Andrés Jara Maylle
Desde los tiempos de Amarilis (nuestra María de Rojas y Garay) muchas mujeres han burilado la poesía en estos lares.
Si tuviésemos que anotar nombres, se nos ocurre el caso de Graciela Briceño, poetisa sensible y sencilla que ha sabido plasmar en versos momentos claves de su ternura y sus sentimientos. Ya en estos últimos lustros aparecieron más autoras con aptitudes y atributos poéticos disímiles. Por ejemplo: Gloria Dávila (Redoble de Kesh y Cantos de ishpingo); Cirila Cabrera (Al final del camino), Gladis Alcántara (Piel trémula), Nancy Villaflor (Desde mis venas), Cristina Villaflor (La otra mejilla) y Silvia Nieto, entre otras.
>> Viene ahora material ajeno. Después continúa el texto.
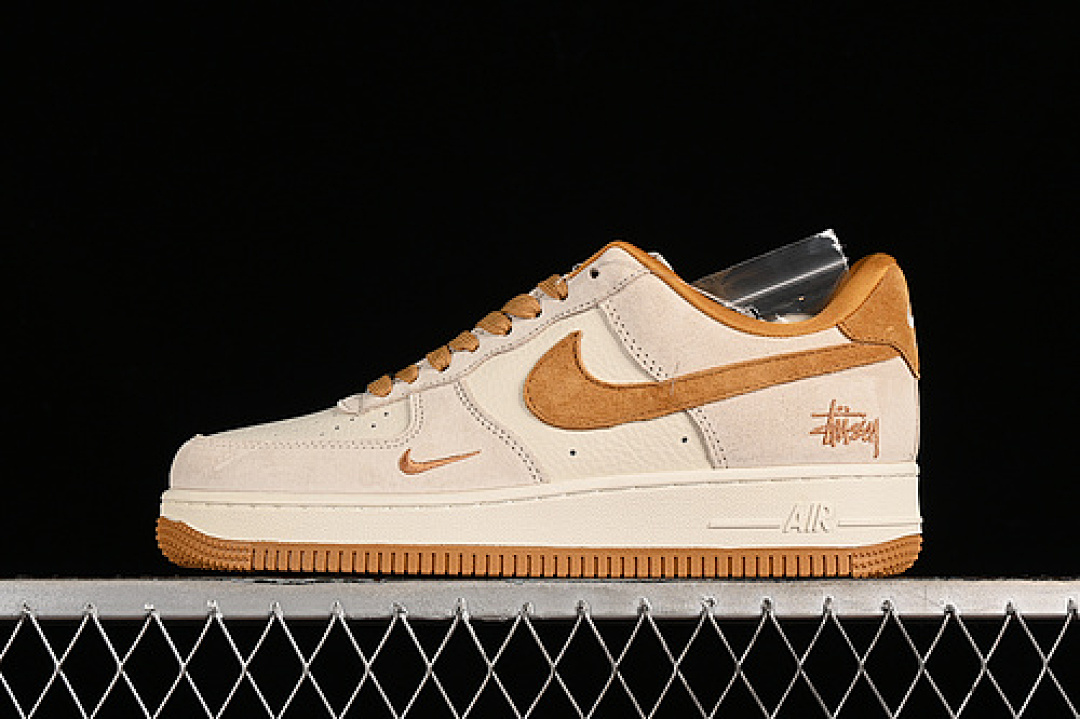Nike Nike AIR FORCE 1 07 LOW GREY/YELLOW · HD1968-020, photo 1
Y ahora, Rossy Majino nos entrega Entre dioses y herejías, un poemario maduro, parejo, bien pensado y mejor cincelado. Haciendo uso de un lenguaje sobrio, exacto y con una alta dosis de simbolización.
A ello hay que agregar lo que a primera lectura se evidencia: su autora hace gala de un conocimiento y una cultura muy bien sustentada en sus lecturas bíblicas y en textos politeístas de los tiempos griegos.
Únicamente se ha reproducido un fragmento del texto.